• _Assignment_: Take the material below and restate it word for word, stopping after the line in which "Gauze Polka Dot" occurs.

• _Source data_:
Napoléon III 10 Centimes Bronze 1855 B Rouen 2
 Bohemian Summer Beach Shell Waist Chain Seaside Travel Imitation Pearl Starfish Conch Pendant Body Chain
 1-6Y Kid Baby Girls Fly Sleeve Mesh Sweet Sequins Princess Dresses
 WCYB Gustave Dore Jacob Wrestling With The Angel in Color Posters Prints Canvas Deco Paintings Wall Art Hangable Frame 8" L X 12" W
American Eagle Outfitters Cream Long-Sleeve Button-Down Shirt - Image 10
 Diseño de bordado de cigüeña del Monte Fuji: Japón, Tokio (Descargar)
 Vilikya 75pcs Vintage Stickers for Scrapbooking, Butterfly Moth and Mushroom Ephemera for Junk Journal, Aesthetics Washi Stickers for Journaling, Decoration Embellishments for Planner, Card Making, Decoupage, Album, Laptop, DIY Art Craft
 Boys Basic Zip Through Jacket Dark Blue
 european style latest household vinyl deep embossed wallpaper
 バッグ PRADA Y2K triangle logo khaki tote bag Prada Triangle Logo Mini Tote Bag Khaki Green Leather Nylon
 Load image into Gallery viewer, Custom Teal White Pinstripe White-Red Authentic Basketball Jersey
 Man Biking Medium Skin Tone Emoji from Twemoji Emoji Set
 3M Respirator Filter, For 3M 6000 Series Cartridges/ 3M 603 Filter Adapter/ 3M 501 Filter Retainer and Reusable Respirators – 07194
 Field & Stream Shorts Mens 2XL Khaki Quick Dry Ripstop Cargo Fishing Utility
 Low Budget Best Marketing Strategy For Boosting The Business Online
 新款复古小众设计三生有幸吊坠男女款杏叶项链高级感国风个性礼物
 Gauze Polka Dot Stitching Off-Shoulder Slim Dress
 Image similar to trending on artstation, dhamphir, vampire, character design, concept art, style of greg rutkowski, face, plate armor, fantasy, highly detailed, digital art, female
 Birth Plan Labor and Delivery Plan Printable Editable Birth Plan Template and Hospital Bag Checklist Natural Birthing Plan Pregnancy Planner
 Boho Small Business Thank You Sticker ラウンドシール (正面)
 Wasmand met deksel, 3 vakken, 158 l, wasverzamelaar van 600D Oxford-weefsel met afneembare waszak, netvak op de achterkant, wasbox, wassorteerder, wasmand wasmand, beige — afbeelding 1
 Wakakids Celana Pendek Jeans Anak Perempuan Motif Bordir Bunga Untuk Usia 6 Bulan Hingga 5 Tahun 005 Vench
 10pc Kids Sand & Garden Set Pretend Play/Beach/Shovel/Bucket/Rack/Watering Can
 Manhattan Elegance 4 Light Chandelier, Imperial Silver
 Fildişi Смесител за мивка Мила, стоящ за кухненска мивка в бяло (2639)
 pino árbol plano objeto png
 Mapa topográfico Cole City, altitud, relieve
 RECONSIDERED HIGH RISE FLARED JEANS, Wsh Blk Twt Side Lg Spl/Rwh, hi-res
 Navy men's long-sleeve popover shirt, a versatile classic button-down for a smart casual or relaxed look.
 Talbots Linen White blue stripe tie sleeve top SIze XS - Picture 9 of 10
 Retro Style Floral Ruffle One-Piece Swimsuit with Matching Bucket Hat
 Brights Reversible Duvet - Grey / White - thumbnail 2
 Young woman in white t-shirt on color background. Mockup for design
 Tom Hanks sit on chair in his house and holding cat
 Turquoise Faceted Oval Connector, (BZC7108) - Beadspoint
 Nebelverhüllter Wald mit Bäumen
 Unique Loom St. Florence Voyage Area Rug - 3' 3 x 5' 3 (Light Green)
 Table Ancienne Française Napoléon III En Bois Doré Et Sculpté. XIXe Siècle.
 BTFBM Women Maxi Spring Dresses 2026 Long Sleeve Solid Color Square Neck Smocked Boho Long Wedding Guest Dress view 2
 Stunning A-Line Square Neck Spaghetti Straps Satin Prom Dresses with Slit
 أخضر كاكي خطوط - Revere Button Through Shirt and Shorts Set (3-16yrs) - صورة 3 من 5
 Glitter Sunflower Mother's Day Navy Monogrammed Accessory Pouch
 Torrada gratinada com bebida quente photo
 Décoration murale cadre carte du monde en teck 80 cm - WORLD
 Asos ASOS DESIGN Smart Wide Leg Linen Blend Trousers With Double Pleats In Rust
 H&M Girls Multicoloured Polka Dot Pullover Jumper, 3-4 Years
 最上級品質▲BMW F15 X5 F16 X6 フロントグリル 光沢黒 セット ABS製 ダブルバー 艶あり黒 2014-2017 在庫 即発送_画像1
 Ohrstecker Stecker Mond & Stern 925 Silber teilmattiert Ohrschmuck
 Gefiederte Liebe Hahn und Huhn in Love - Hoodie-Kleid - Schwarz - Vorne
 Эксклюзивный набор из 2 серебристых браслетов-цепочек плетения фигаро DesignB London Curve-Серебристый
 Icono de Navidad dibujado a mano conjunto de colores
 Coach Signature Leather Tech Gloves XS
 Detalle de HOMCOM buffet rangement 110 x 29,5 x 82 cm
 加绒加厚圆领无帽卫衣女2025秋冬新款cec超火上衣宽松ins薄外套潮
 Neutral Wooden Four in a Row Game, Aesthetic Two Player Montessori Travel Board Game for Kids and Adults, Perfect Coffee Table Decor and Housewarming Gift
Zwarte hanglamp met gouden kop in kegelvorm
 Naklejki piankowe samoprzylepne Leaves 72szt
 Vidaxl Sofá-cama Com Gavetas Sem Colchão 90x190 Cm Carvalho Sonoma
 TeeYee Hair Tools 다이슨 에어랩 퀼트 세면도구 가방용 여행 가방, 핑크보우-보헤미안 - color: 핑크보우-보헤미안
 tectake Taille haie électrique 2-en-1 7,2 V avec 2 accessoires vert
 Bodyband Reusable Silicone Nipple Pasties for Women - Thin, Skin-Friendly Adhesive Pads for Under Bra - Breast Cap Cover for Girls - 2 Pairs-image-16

• _Problem solution_:
Napoléon III 10 Centimes Bronze 1855 B Rouen 2
 Bohemian Summer Beach Shell Waist Chain Seaside Travel Imitation Pearl Starfish Conch Pendant Body Chain
 1-6Y Kid Baby Girls Fly Sleeve Mesh Sweet Sequins Princess Dresses
 WCYB Gustave Dore Jacob Wrestling With The Angel in Color Posters Prints Canvas Deco Paintings Wall Art Hangable Frame 8" L X 12" W
American Eagle Outfitters Cream Long-Sleeve Button-Down Shirt - Image 10
 Diseño de bordado de cigüeña del Monte Fuji: Japón, Tokio (Descargar)
 Vilikya 75pcs Vintage Stickers for Scrapbooking, Butterfly Moth and Mushroom Ephemera for Junk Journal, Aesthetics Washi Stickers for Journaling, Decoration Embellishments for Planner, Card Making, Decoupage, Album, Laptop, DIY Art Craft
 Boys Basic Zip Through Jacket Dark Blue
 european style latest household vinyl deep embossed wallpaper
 バッグ PRADA Y2K triangle logo khaki tote bag Prada Triangle Logo Mini Tote Bag Khaki Green Leather Nylon
 Load image into Gallery viewer, Custom Teal White Pinstripe White-Red Authentic Basketball Jersey
 Man Biking Medium Skin Tone Emoji from Twemoji Emoji Set
 3M Respirator Filter, For 3M 6000 Series Cartridges/ 3M 603 Filter Adapter/ 3M 501 Filter Retainer and Reusable Respirators – 07194
 Field & Stream Shorts Mens 2XL Khaki Quick Dry Ripstop Cargo Fishing Utility
 Low Budget Best Marketing Strategy For Boosting The Business Online
 新款复古小众设计三生有幸吊坠男女款杏叶项链高级感国风个性礼物
 Gauze Polka Dot Stitching Off-Shoulder Slim Dress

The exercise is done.